Thermosetting compound:
(1) “Epicoat 828US” manufactured by Mitsubishi Chemical Corporation, epoxy compound (2) “DL-92” manufactured by Meiwa Kasei Co., Ltd., phenol novolac compound

Thermosetting agent:
(1) “Dicyandiamide” manufactured by Tokyo Chemical Industry Co., Ltd.
(2) “2MZA-PW” manufactured by Shikoku Kasei Kogyo Co., Ltd., isocyanuric modified solid dispersion type imidazole

First inorganic particles:
(1) “PTX60S” manufactured by Momentive
(2) “PT350” manufactured by Momentive
(3) “CTS7M” manufactured by Saint-Gobain
(4) Inorganic particles 1
(5) Inorganic particles 5
(6) Inorganic particles 6

Second inorganic particles (including alternatives):
(1) Inorganic particles 1
(2) Inorganic particles 2
(3) Inorganic particles 3
(4) Inorganic particles 4
(5) “AC6091” manufactured by Momentive
(6) “CTS7M” manufactured by Saint-Gobain
(7) Inorganic particles 6

Method for producing “inorganic particles 1”:
Boron nitride primary particles having an average major axis of 7.2 μm and an aspect ratio of 5.3 were produced by agglomeration by a spray drying method so that the porosity was 44% and the average particle size was 40 μm. The porosity was measured with a mercury porosimeter, and the porosity when only the voids of 5 μm or less were used as the intraparticle voids was calculated.

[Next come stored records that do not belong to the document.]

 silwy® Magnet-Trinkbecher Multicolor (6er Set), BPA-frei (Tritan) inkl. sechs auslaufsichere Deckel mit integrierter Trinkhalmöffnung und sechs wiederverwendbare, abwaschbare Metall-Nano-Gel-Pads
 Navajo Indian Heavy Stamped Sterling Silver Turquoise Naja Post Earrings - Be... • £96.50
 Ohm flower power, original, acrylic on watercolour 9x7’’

  The porosity was measured as follows.

Measuring method of porosity:
Using a mercury porosimeter “pore master 60” manufactured by QUANTACHROME, the cumulative amount of mercury intrusion was measured against the pressure applied by the mercury intrusion method. 0.2 to 0.3 g of boron nitride aggregated particles were weighed and measured in a low pressure mode and a high pressure mode. From the obtained data, a distribution curve indicating the pore volume per unit section of the pore diameter was obtained. Based on the distribution curve, a value (V) obtained by subtracting interparticle voids from all voids was calculated. From the distribution curve, voids having a pore diameter of 5 μm or more were defined as interparticle voids. Using the density of the boron nitride particles (ρ = 2.34) of the primary particles, the porosity (ε) can be expressed by the following equation.

  ε = V (V + (1 / ρ)) × 100

  The porosity was calculated by substituting the obtained value of V into the above formula.

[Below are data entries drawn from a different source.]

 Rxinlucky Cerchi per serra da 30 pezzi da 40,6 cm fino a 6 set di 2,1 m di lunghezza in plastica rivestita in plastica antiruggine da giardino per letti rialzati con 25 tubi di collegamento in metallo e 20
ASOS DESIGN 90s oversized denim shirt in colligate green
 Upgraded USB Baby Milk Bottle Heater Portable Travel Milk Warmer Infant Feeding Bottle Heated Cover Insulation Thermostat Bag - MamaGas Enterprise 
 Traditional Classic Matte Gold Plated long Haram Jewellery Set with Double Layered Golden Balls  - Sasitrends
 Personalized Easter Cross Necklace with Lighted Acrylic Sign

Method for producing “inorganic particles 2”:
Boron nitride primary particles having an average major axis of 6.5 μm and an aspect ratio of 6.1 were produced by agglomeration by a spray drying method so that the porosity was 39% and the average particle size was 30 μm.

Method for producing “inorganic particles 3”:
Boron nitride primary particles having an average major axis of 7.4 μm and an aspect ratio of 5.1 were produced by agglomeration by a spray drying method so that the porosity was 46% and the average particle size was 60 μm.

Method for producing “inorganic particles 4”:
Boron nitride primary particles having an average major axis of 10 μm and an aspect ratio of 6 were prepared by agglomeration by a spray drying method so that the porosity was 25% and the average particle size was 70 μm.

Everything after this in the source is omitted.